A drunken Bidmead’s outburst came after he got upset about rumours which he believed were being spread about him by neighbour Carly Townsend, Gloucester Crown Court was told on Thursday.

Bidmead, aged 30, formerly of Windyridge, Bisley, but now of Felin Abermad, Llanilar, Aberystwyth, admitted charges of affray and possession of a bladed article on July 31 last year in Bisley.

The judge, Recorder Michael Gibney, made a three-year restraining order requiring Bidmead not to contact or go near Ms Townsend or another Bisley couple, Sharon and Michael Waite, who are the grandparents of Bidmead’s two children.

The Recorder sentenced Bidmead to nine months’ jail suspended for two years, ordered him to do 150 hours of unpaid work and also imposed a £60 victim surcharge.

“You clearly terrified her.
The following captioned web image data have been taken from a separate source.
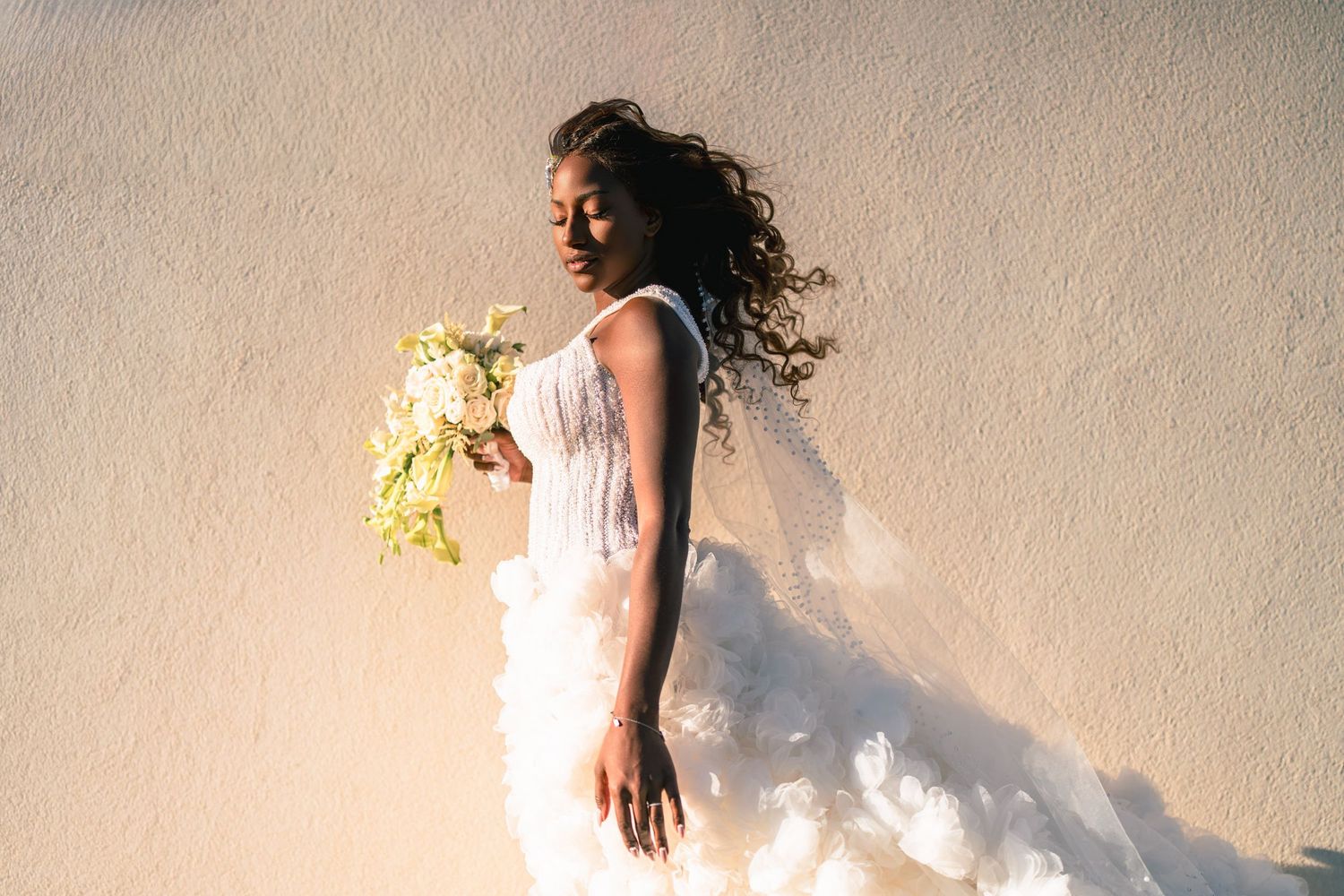 Elegant wedding dress details with flowing fabric against a neutral wall.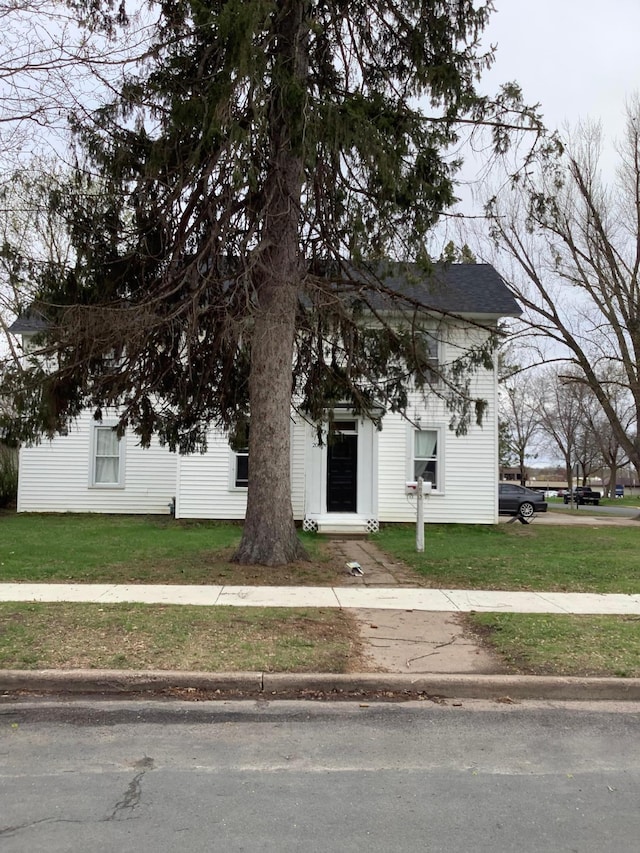 203 4th St, River Falls, WI 54022 - view of property hidden behind natural elements with a front yard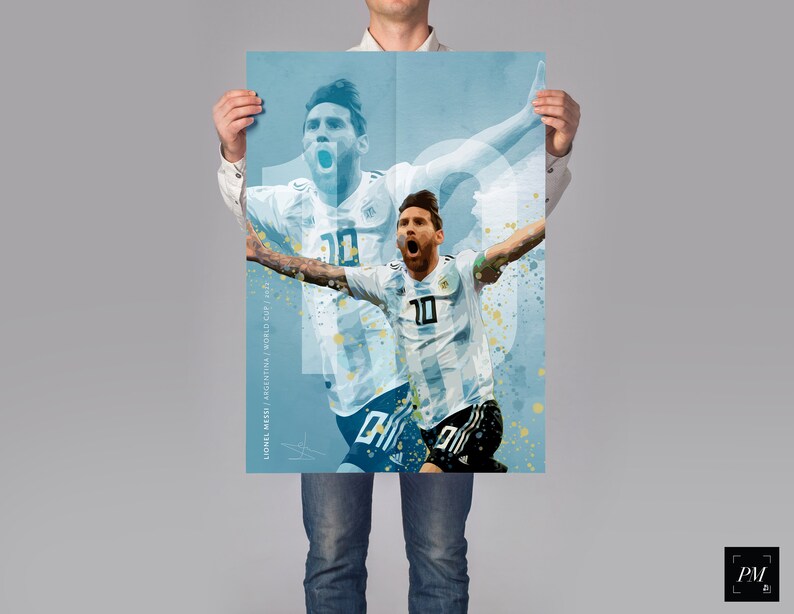 May include: A blue and white watercolor-style poster featuring a soccer player in a white jersey with the number 10 on it. The player is celebrating a goal with his arms raised in the air. The poster has the text "Lionel Messi / World Cup 2022" at the bottom.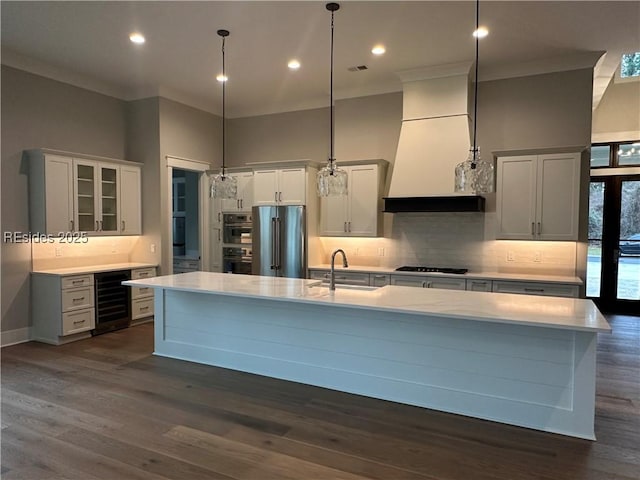 kitchen featuring white cabinetry, appliances with stainless steel finishes, decorative light fixtures, and sink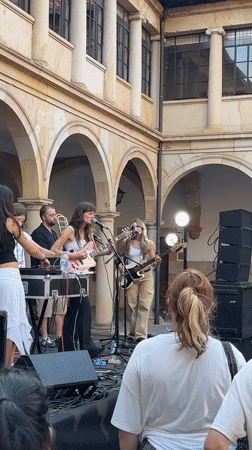 Live music fills a historic Oviedo courtyard on a summer evening.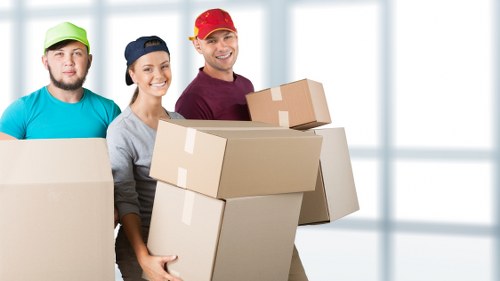 Local removals crew loading items into a van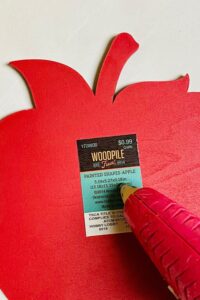 putting hot glue on apple wooden cutout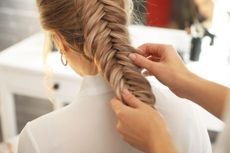 Unas manos trenzan cabello rubio frente a un espejo en una habitación luminosa.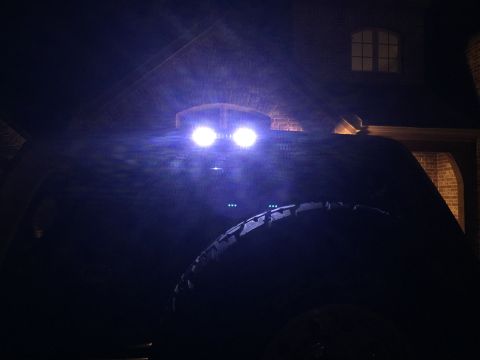 1996 Ford Bronco - Aftermarket LED third brake light installed on a vehicle at night.
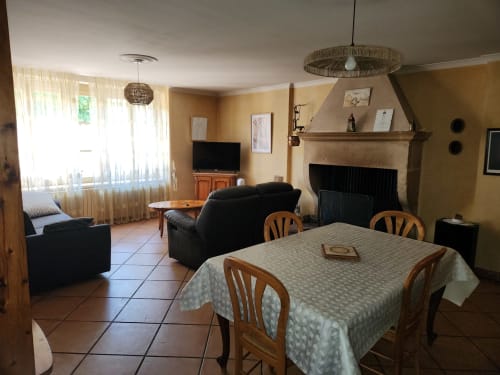 Spacieux salon de villa avec table à manger, canapé noir, foyer, téléviseur et vue sur le jardin à Charly, France
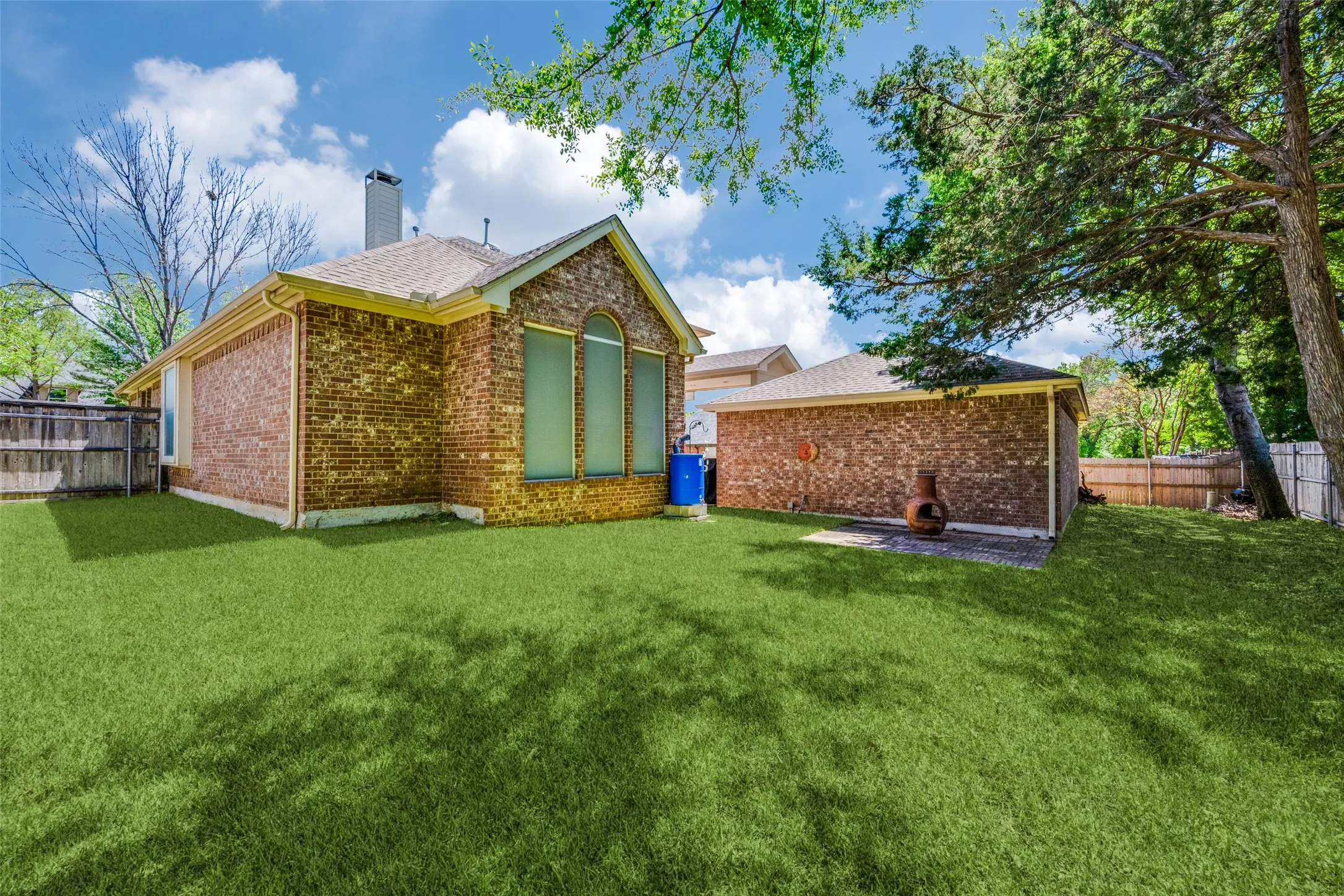 Plenty of yard space for a lap pool and the four legged family members!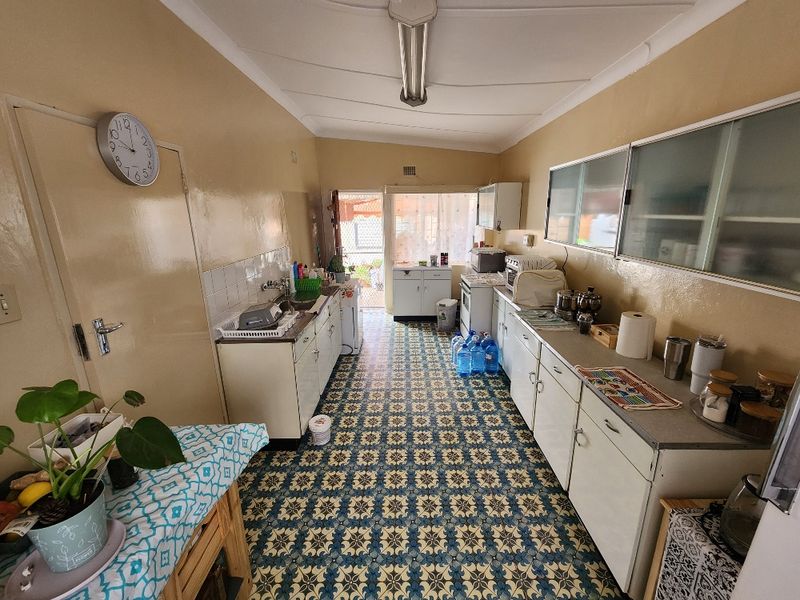 A functional, dated kitchen featuring original cabinetry, patterned tile flooring, and a stainless steel sink, offering significant potential for a modern renovation.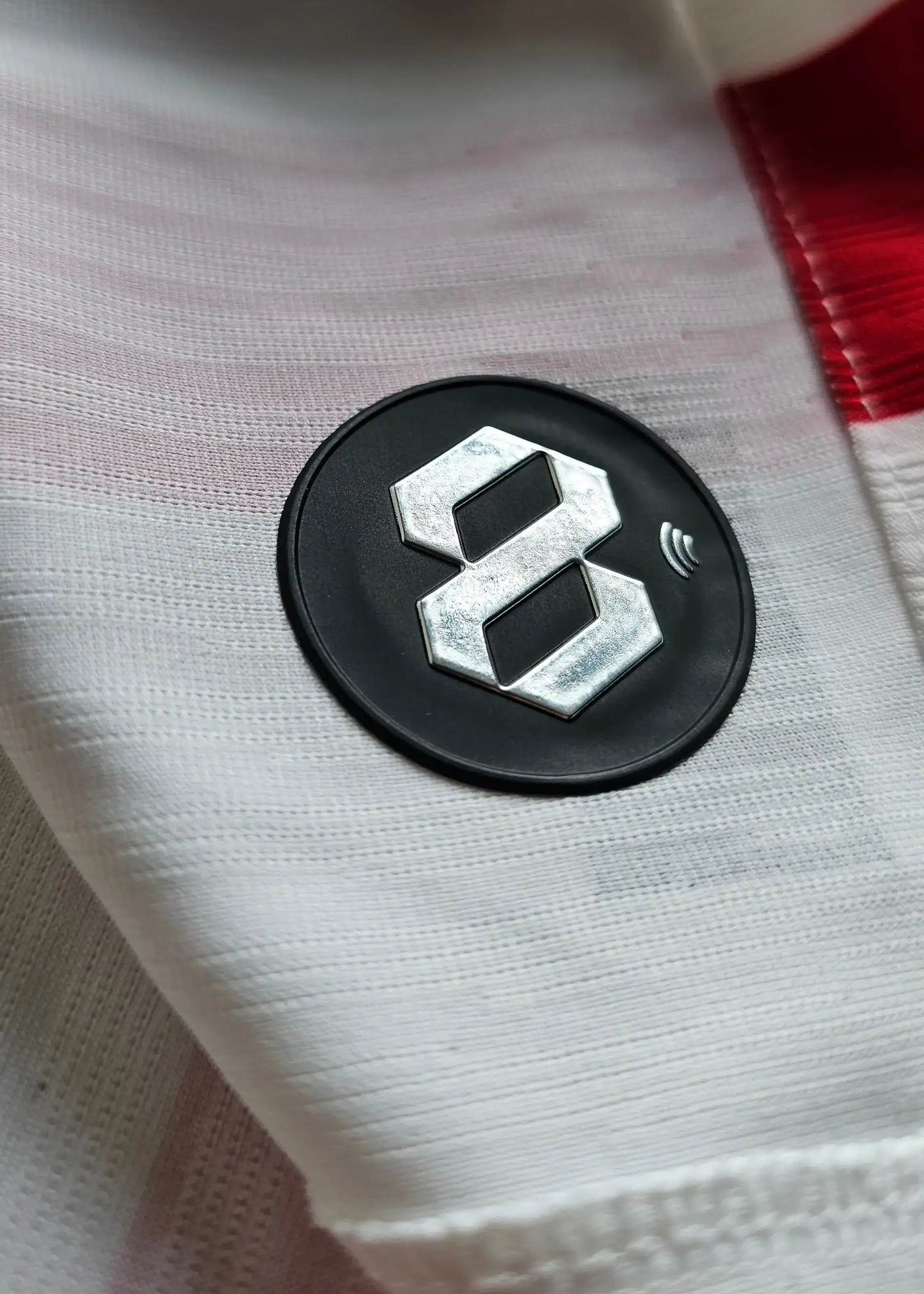 Close-up detail of the black patch with a metallic No. 28 on a white Atlético Madrid shirt.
The courts take a very dim view of anyone being in possession of an offensive weapon.”

Julian Kesner, prosecuting, said Ms Townsend was at home at 9am on July 31 when she heard a knock at the door and saw Bidmead’s face pressed against the glass. She opened the door and saw that he looked angry and she tried to pacify him but he swore at her.

As she went to shut the door he put his foot in it but she still managed to close and lock it.

“He then tried the front door handle and then started shouting at her,” Mr Kesner said, “”He followed that up by banging both the window and the front door hard.”

Ms Townsend tried to ring 999 but could not get a signal on her mobile phone. She texted Mr and Mrs Waite, who lived nearby, asking for their help.

She then saw Bidmead climbing over the wall back into his own garden. She saw what looked like a long pole in his hand as he did so, Mr Kesner said. In fact, he said, it was the sword.

Mr and Mrs Waite, whose daughter used to be in a relationship with Bidmead and has two children with him then drove to the house, Mr Kesner said.

They saw him standing in the road and approached him. He was sitting in his car with the door open and holding up the sword in his hand.

“Mrs Waite feared for her safety and that of her husband,” Mr Kesner said. “She grabbed the sword blade, which is blunt, and he then dropped it. She and her husband then tried to calm him down. Minutes later the police arrived and the defendant threw the sword into an outbuilding.”

Tim Burrows, defending, said Bidmead had only ever been in trouble for drink-driving 11-12 years ago. He had moved to Aberystwyth last August and had now settled there, he said.

“There had been a dispute between himself and his neighbour. He had a few drinks which affected his judgement.”

Mr Burrows said the sword was in the boot of Bidmead’s car because it was to be sold on behalf of his father. He got it out and sat in the car with it but did no more with it than that.